All lines from the top of the records below through the line holding "Holey old socks hanging on a rope photo", and only those, should be printed exactly, minus the pictures.

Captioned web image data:
>>>>>

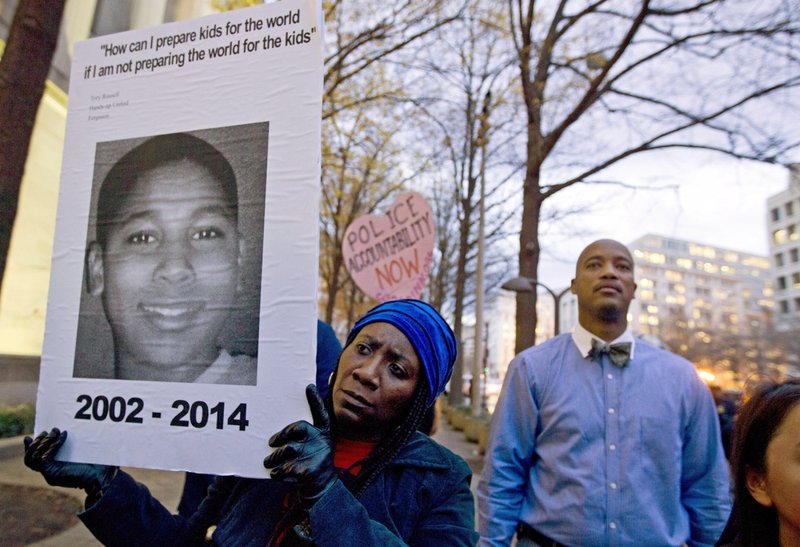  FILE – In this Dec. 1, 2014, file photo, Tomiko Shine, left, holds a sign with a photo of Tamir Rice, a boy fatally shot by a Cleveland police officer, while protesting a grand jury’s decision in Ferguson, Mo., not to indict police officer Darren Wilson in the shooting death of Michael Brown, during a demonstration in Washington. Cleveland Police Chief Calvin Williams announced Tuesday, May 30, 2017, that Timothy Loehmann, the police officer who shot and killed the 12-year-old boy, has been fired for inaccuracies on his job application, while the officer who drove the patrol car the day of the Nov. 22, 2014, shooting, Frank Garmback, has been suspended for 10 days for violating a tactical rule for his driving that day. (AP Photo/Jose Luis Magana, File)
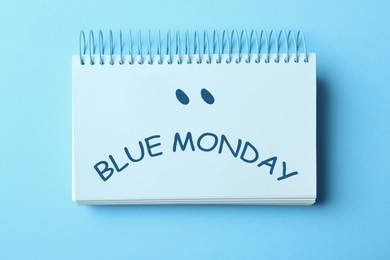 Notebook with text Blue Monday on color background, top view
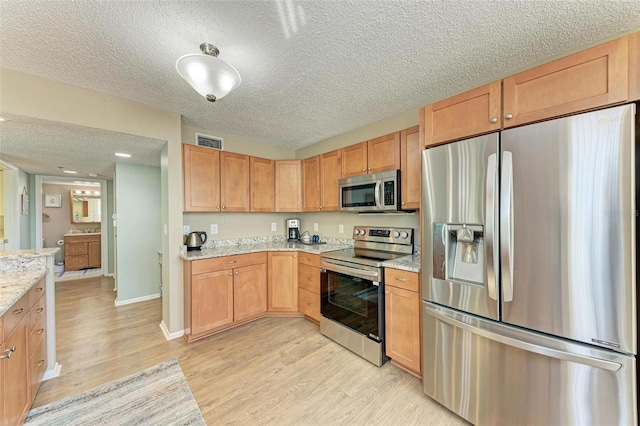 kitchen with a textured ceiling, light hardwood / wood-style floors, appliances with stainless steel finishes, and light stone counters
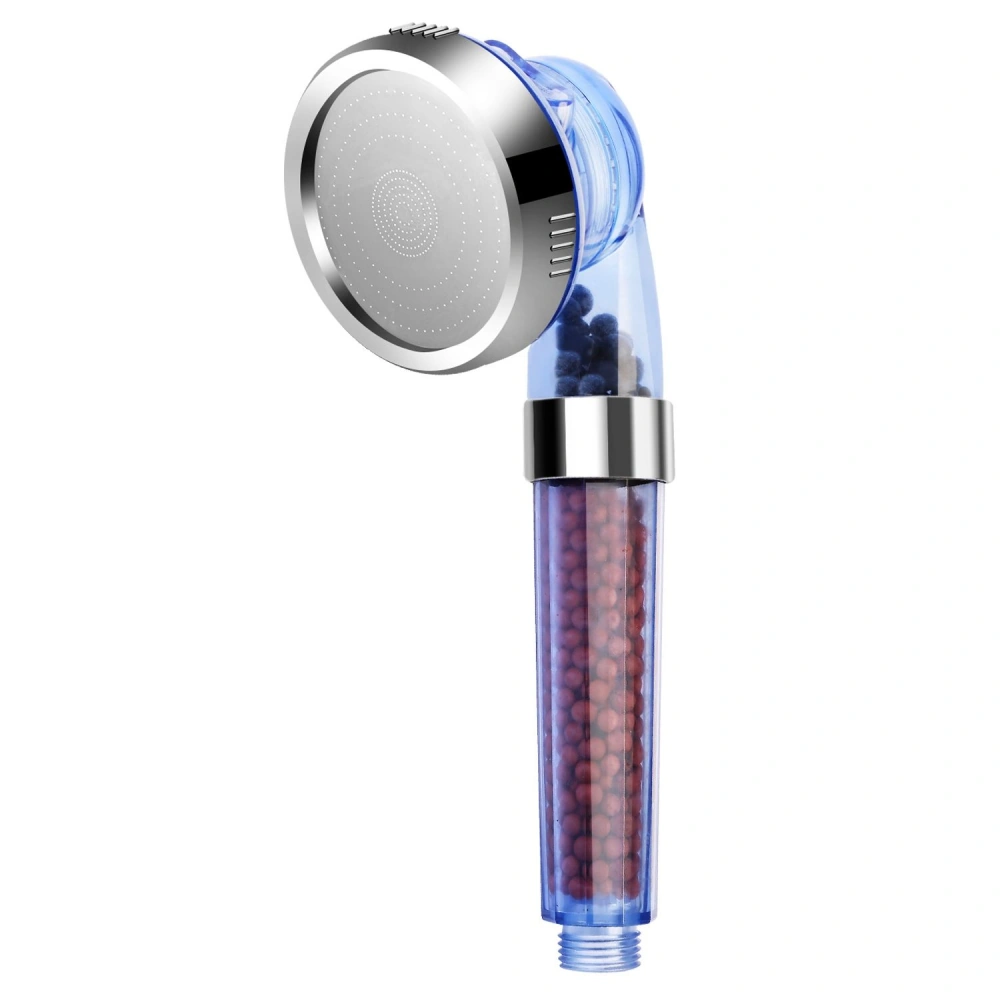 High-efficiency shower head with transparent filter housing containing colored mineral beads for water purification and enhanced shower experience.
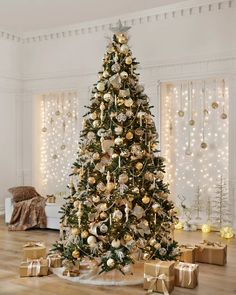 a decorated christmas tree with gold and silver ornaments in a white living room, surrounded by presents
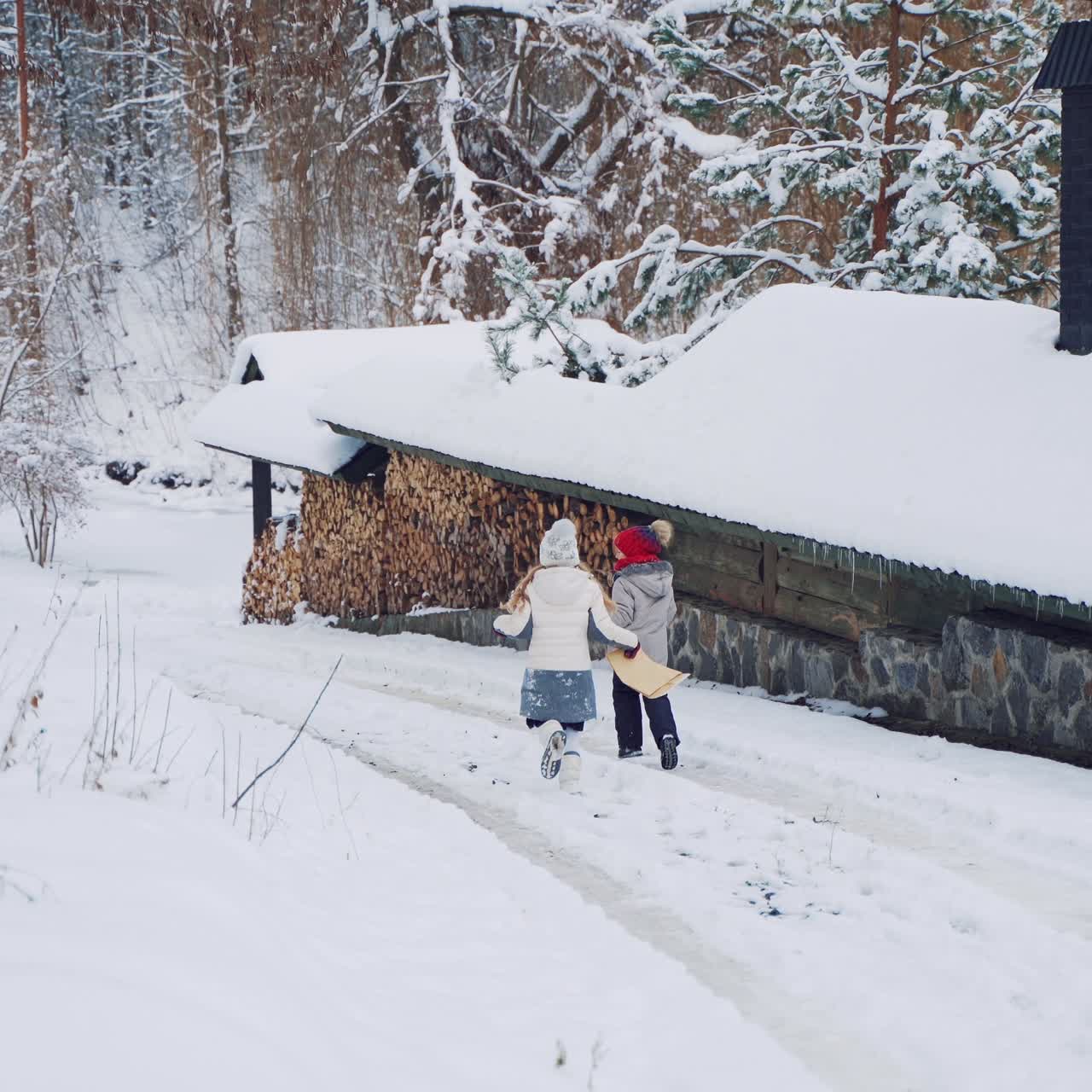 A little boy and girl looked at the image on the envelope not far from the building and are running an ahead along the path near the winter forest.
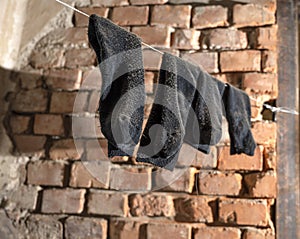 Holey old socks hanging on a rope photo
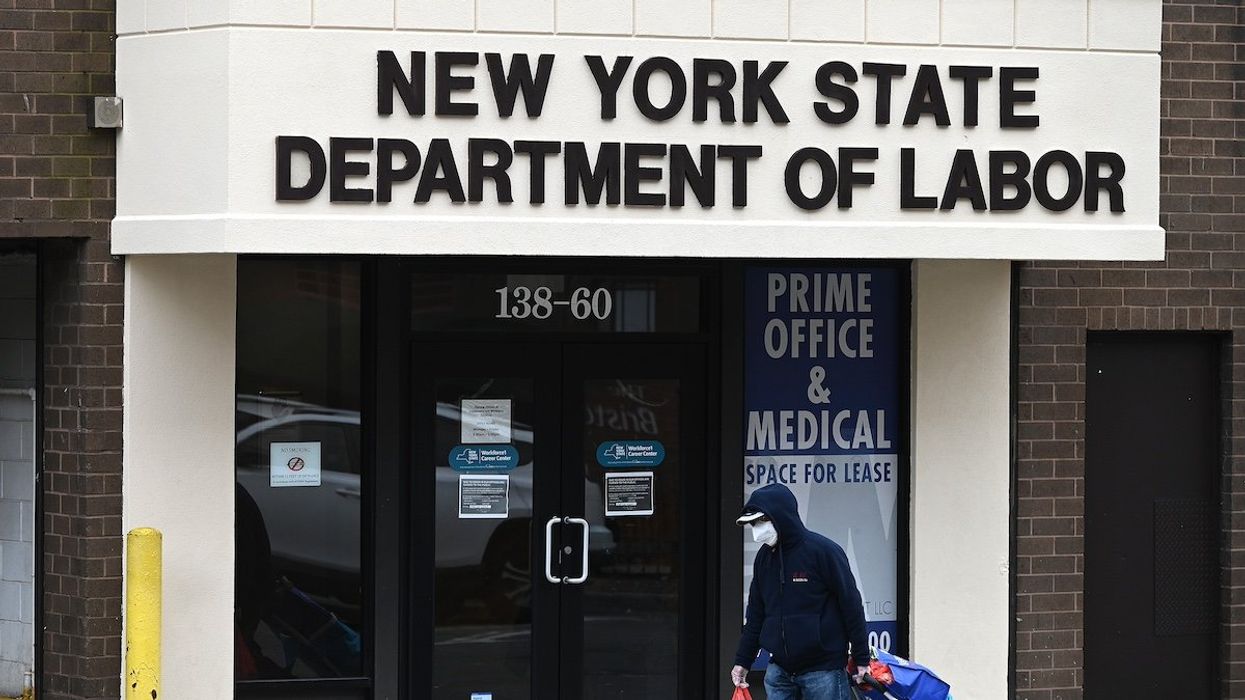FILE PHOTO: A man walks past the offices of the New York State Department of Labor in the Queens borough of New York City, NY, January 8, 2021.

<<<<<

- **SOLUTION TO THIS TASK**
  FILE – In this Dec. 1, 2014, file photo, Tomiko Shine, left, holds a sign with a photo of Tamir Rice, a boy fatally shot by a Cleveland police officer, while protesting a grand jury’s decision in Ferguson, Mo., not to indict police officer Darren Wilson in the shooting death of Michael Brown, during a demonstration in Washington. Cleveland Police Chief Calvin Williams announced Tuesday, May 30, 2017, that Timothy Loehmann, the police officer who shot and killed the 12-year-old boy, has been fired for inaccuracies on his job application, while the officer who drove the patrol car the day of the Nov. 22, 2014, shooting, Frank Garmback, has been suspended for 10 days for violating a tactical rule for his driving that day. (AP Photo/Jose Luis Magana, File)
 Notebook with text Blue Monday on color background, top view
 kitchen with a textured ceiling, light hardwood / wood-style floors, appliances with stainless steel finishes, and light stone counters
 High-efficiency shower head with transparent filter housing containing colored mineral beads for water purification and enhanced shower experience.
 a decorated christmas tree with gold and silver ornaments in a white living room, surrounded by presents
 A little boy and girl looked at the image on the envelope not far from the building and are running an ahead along the path near the winter forest.
 Holey old socks hanging on a rope photo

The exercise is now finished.